Taking the line with "Hibiscus & lace" as the first and the line with "Braylee and Kacen" as the last, set down the lines below exactly, pictures excluded.
┌─ MATERIALS PROVIDED
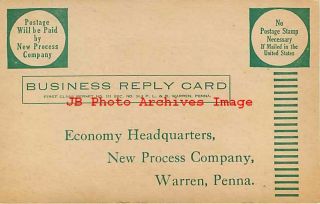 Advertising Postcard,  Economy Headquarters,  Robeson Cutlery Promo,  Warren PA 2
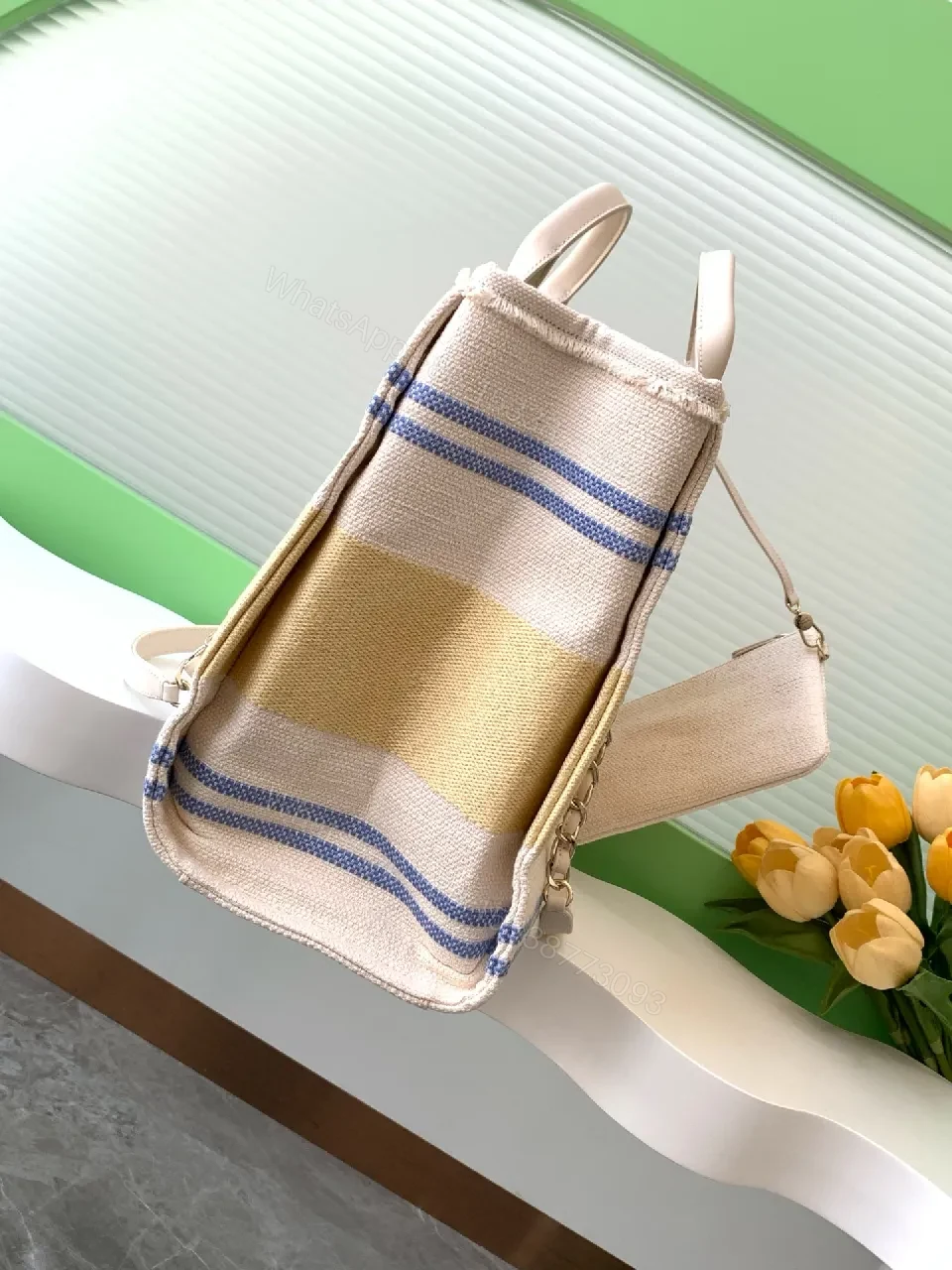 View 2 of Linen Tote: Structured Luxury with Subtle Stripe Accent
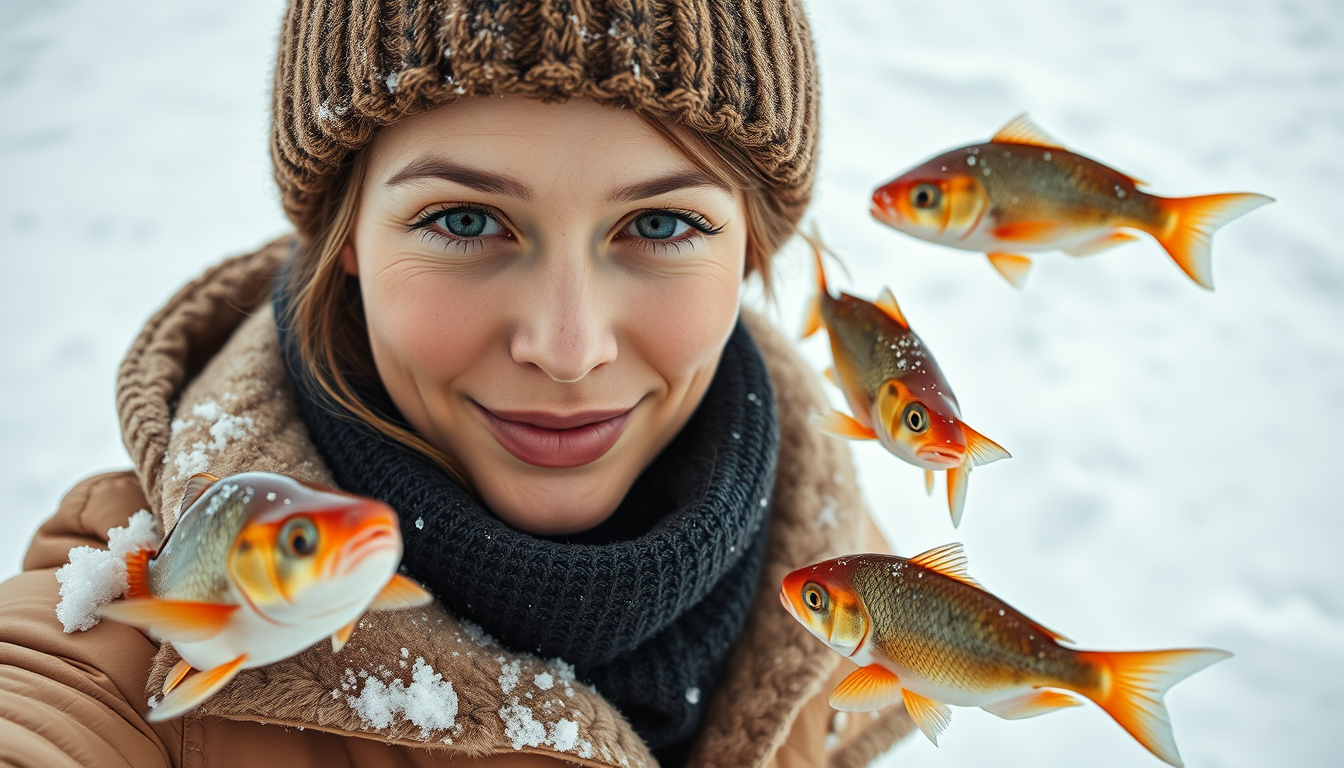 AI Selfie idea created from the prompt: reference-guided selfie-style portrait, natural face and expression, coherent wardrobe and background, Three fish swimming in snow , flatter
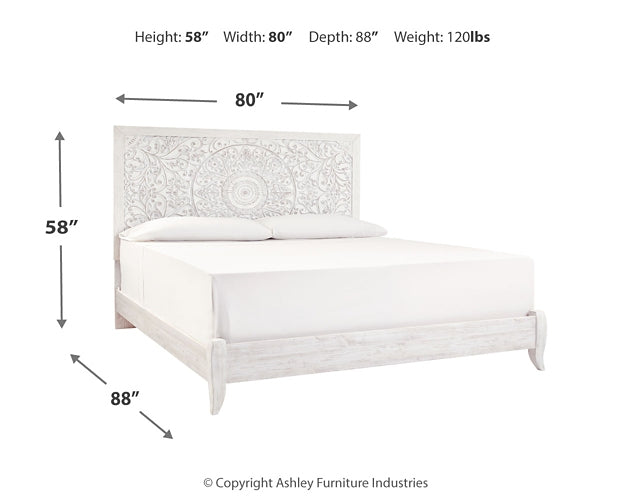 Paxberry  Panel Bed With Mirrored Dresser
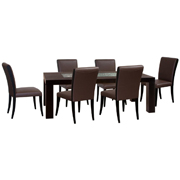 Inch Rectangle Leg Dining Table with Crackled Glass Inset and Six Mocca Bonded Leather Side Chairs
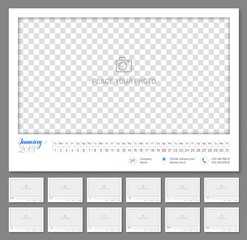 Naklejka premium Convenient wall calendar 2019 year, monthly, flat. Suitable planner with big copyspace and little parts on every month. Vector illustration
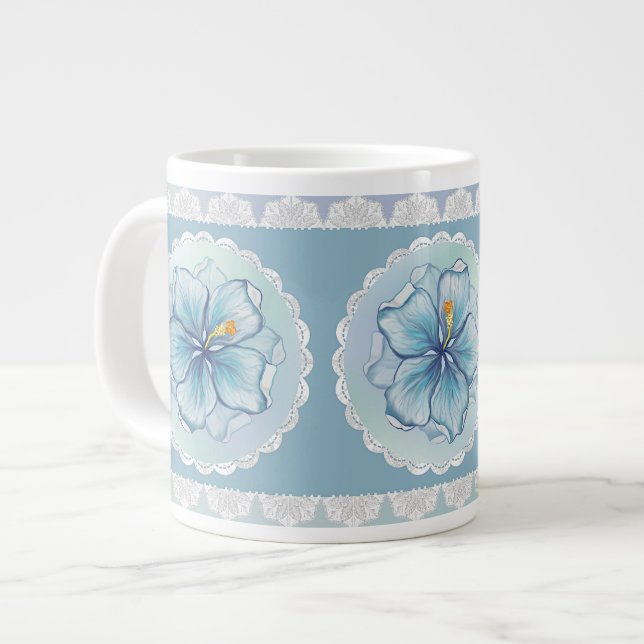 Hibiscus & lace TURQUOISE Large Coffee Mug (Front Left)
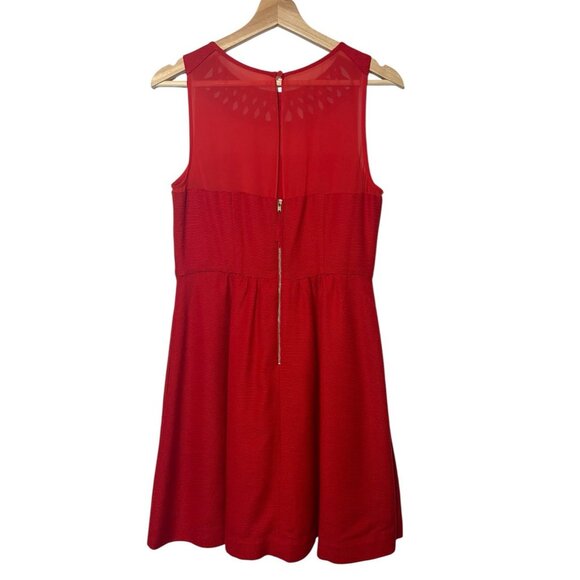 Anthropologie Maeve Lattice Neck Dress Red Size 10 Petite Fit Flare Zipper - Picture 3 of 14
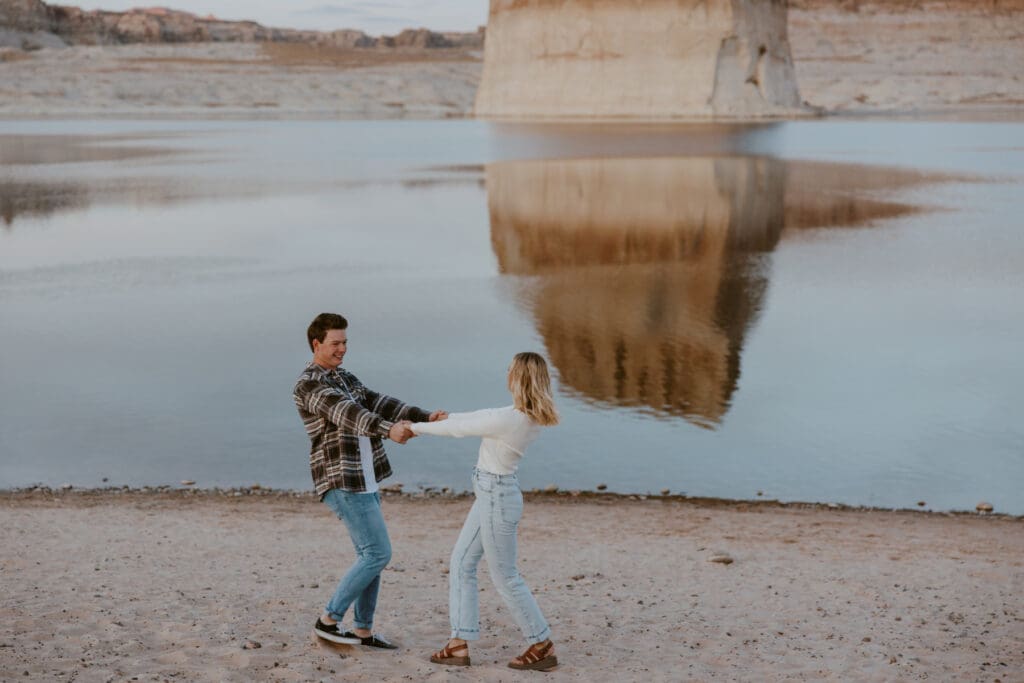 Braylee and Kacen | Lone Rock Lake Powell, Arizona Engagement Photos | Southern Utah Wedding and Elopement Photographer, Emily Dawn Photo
└─
┌─ MATERIALS PROVIDED
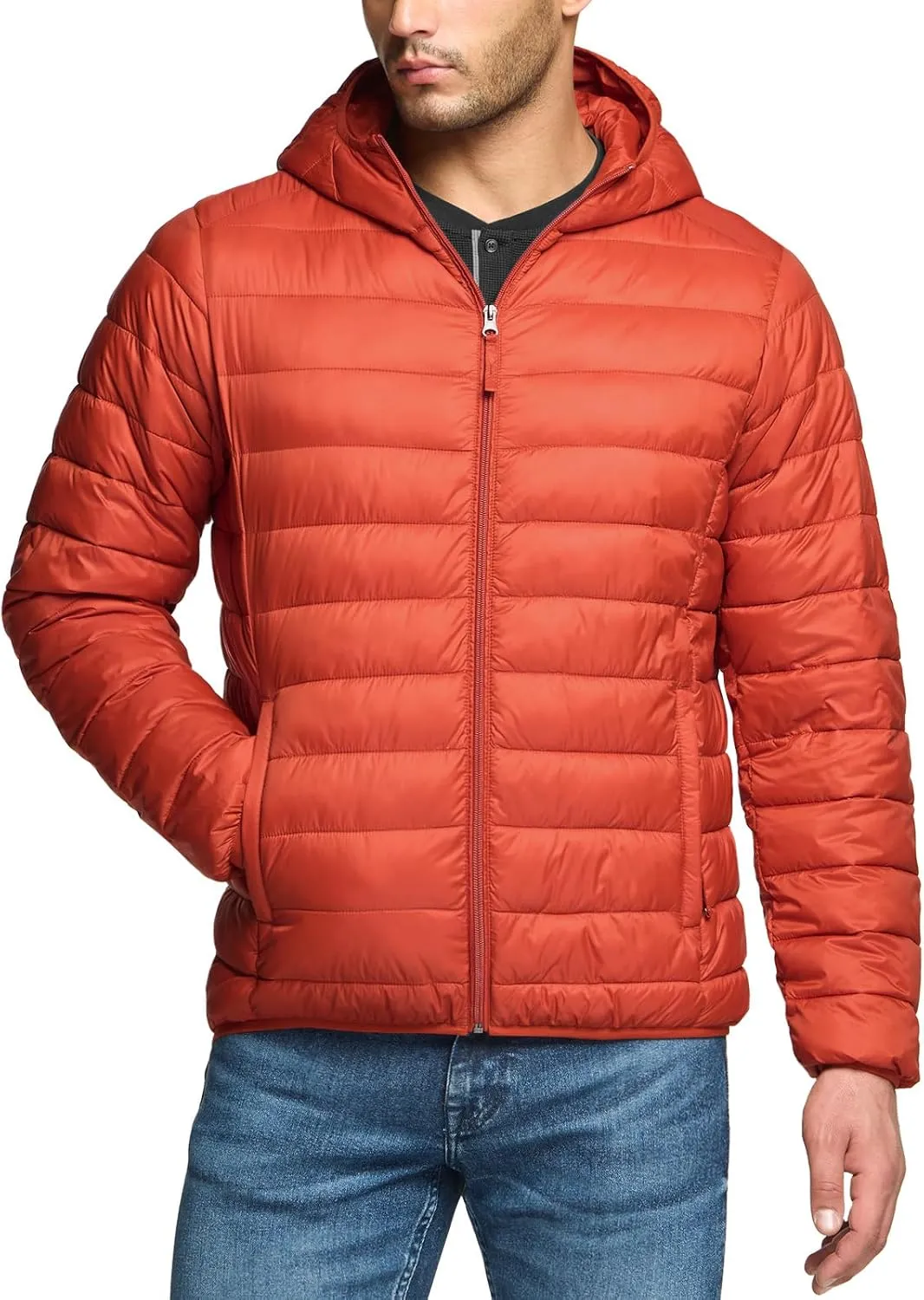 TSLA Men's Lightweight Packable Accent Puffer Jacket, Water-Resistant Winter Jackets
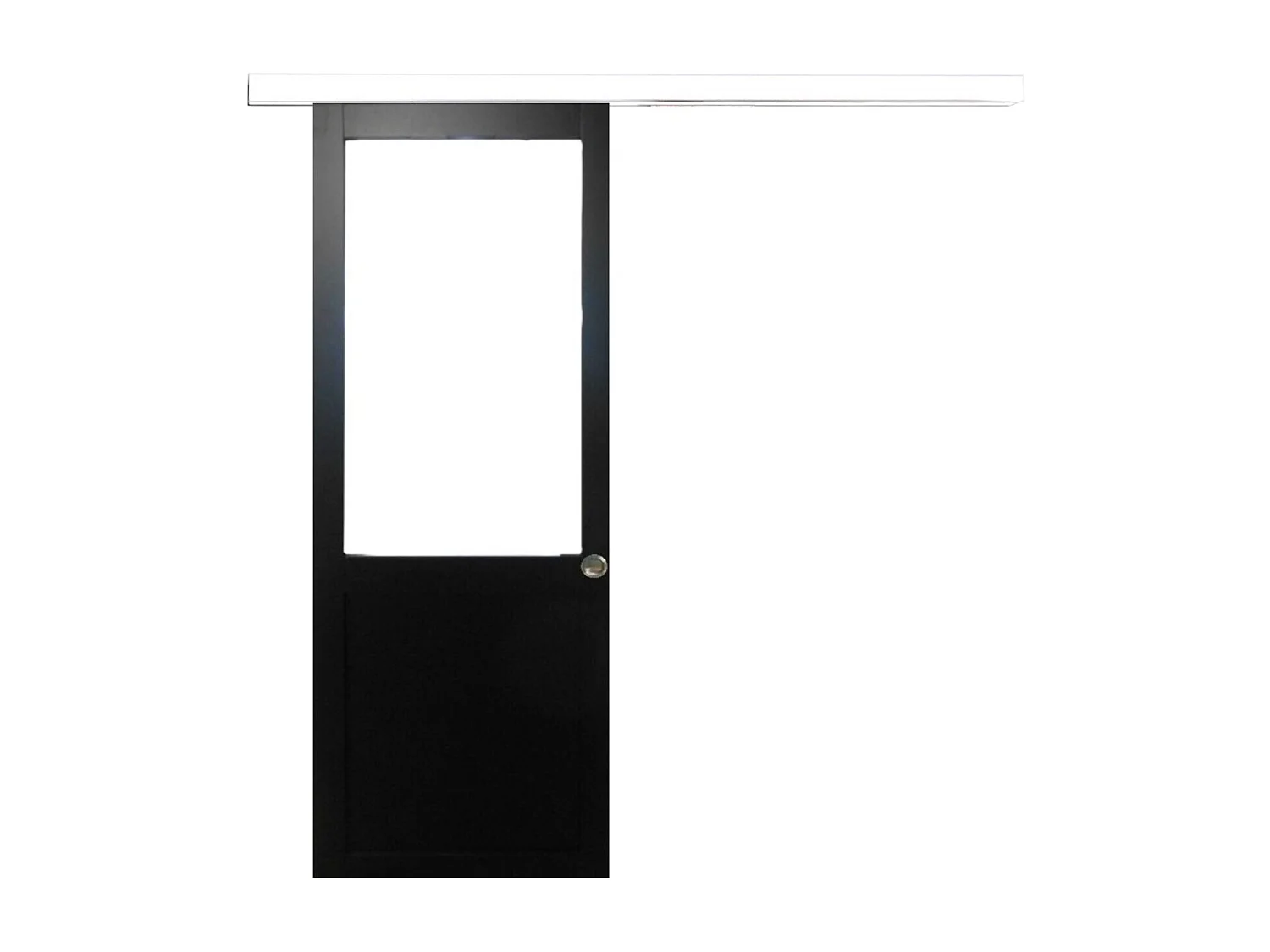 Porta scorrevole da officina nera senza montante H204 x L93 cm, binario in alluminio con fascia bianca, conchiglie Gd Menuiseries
└─
* [RESPONSE TO THIS TASK]
 Hibiscus & lace TURQUOISE Large Coffee Mug (Front Left)
 Anthropologie Maeve Lattice Neck Dress Red Size 10 Petite Fit Flare Zipper - Picture 3 of 14
 Braylee and Kacen | Lone Rock Lake Powell, Arizona Engagement Photos | Southern Utah Wedding and Elopement Photographer, Emily Dawn Photo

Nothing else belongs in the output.